L’ONU ne peut donc pas se limiter aux sanctions théoriques. Elle doit évoluer dans l’élaboration des mécanismes de sanctions afin que les auteurs de crimes n’aient pas le sentiment que le Conseil de sécurité hésite à les faire répondre pleinement de leurs actes.

 

Il faut également insister sur l’institution des programmes de formation sur la protection et le droit des enfants à l’intention de tout le personnel du maintien de la paix car, la formation permet de faire connaître l’impact des conflits armés sur les enfants, les normes qui régissent la protection des enfants et le rôle que chaque membre de l’ONU peut jouer dans cette protection.

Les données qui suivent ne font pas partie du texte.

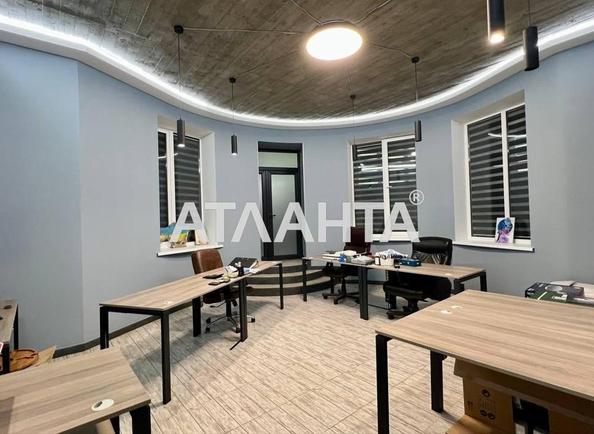 Коммерческая недвижимость по адресу ул. Зоопарковая (площадь 180,4 м²) - Atlanta.ua - фото 32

Une telle action a déjà connu du succès à Haïti, au Soudan et en RDC. Aussi, comme en avril 2009 en Irak et dans les États connaissant des crises armées, le Conseil de sécurité doit intensifier le processus de mise en place des observatoires pour la communication des informations relatives au phénomène des enfants soldats.

 

L’autre priorité doit être la facilitation de l’accès à l’aide humanitaire pour éviter les situations comme celles du Sud Soudan où les enfants sont obligés d’offrir leurs services aux groupes armés contre rémunération pour subvenir aux besoins leur famille. Une telle situation pose le problème de la réinsertion ou de la reconversion des enfants démobilisés des groupes armés Voir Rachel Brett, M. Me Callin, R. O’Shea, Children the invisible soldiers of the participation of children in armed conflicts and international disturbances and tensions for the UN study on the impact of armed conflict on children, New York, ONU, 1994., d’où un appel à plus d’engagement de la part des différents partenaires et acteurs de la lutte contre le phénomène des enfants soldats.

 

La mise en place de programmes complets de réinsertion et de réintégration des enfants enrôlés dans des groupes armés au sein de leur famille et de leurs communautés, ceci pour faire renaître l’espoir dans les cœurs est un impératif pour l’ONU et l’ensemble de la communauté internationale car, « le recrutement des enfants soldats n’est pas seulement un affront aux valeurs humaines, mais aussi un obstacle fondamental au développement économique et social, à la cohésion sociale et à l’édification des pays concernés » Mme Lulamah Rulumeni, Représentante de l’Afrique du Sud au Nations unies, Propos tenus lors de la plénière du Conseil de Sécurité le 16 juin 2010 sur la situation des enfants et les conflits armés.